> LISTED RECORDS
——————————

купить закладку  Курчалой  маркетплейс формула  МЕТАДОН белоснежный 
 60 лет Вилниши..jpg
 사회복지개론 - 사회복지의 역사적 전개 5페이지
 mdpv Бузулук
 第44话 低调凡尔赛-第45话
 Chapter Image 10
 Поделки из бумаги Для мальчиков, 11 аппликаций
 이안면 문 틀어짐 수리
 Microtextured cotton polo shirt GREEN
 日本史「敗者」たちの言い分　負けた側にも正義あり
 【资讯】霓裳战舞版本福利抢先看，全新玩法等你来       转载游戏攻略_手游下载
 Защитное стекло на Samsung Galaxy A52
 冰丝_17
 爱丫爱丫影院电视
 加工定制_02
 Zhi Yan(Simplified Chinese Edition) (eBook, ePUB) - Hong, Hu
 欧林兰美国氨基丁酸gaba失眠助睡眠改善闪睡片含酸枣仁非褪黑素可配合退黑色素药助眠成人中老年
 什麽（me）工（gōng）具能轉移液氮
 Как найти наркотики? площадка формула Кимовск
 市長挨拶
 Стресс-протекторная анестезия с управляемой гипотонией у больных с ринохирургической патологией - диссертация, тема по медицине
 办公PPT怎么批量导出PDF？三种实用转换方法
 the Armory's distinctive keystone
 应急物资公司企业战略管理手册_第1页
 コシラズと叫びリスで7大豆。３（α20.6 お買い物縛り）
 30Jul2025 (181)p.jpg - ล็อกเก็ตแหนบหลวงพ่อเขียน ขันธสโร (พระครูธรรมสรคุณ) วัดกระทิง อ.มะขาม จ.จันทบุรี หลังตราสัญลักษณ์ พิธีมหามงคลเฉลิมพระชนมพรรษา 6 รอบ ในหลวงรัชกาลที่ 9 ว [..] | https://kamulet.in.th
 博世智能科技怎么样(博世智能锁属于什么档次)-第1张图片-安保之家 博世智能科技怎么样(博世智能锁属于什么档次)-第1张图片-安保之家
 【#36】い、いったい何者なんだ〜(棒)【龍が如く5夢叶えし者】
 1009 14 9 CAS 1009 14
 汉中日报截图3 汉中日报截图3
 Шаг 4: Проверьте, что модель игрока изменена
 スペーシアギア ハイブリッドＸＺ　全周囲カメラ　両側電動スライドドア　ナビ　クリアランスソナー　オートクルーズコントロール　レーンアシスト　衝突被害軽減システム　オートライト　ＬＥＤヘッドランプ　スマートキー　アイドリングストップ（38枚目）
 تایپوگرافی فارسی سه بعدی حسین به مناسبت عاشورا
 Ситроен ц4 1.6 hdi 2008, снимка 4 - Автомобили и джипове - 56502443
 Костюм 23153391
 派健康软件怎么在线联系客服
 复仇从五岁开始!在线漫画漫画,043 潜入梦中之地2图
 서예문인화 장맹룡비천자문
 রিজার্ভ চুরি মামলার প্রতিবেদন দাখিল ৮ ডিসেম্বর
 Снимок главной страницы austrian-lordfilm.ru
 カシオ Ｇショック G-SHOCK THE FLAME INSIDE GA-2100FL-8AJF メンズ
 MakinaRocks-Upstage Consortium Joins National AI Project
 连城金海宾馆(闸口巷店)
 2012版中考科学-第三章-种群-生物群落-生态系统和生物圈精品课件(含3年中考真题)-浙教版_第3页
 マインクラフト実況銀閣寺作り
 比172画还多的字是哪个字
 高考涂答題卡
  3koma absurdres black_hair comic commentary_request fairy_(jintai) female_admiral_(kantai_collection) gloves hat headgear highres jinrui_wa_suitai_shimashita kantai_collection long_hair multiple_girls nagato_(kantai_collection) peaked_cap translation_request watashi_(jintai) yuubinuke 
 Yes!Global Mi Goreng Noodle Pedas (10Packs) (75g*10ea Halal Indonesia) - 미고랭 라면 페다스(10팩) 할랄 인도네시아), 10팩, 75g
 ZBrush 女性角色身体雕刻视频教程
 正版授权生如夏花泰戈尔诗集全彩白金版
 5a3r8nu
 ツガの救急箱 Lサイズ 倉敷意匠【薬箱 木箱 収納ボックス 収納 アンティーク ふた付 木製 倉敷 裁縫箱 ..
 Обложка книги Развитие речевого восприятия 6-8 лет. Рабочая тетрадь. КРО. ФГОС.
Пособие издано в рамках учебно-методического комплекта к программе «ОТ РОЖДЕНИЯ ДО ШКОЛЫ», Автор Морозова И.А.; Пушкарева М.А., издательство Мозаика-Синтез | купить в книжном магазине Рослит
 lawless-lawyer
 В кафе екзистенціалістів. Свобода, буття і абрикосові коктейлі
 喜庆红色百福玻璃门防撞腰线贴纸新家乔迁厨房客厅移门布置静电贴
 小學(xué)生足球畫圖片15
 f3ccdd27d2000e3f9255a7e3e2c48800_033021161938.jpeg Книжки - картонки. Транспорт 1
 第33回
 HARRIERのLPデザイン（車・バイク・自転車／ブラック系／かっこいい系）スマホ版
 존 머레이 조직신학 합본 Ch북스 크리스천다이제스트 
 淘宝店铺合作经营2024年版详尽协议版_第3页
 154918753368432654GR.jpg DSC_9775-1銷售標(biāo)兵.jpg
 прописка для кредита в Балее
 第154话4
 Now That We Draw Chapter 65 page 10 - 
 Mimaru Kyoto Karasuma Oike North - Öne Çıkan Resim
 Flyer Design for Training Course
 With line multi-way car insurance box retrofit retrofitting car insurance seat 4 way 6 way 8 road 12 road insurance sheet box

——————————

> GOAL OF THE EXERCISE
Write out again, unchanged, every line from the line containing "прописка для кредита в Балее" to the final line of the material above.

> FINAL ANSWER
 прописка для кредита в Балее
 第154话4
 Now That We Draw Chapter 65 page 10 - 
 Mimaru Kyoto Karasuma Oike North - Öne Çıkan Resim
 Flyer Design for Training Course
 With line multi-way car insurance box retrofit retrofitting car insurance seat 4 way 6 way 8 road 12 road insurance sheet box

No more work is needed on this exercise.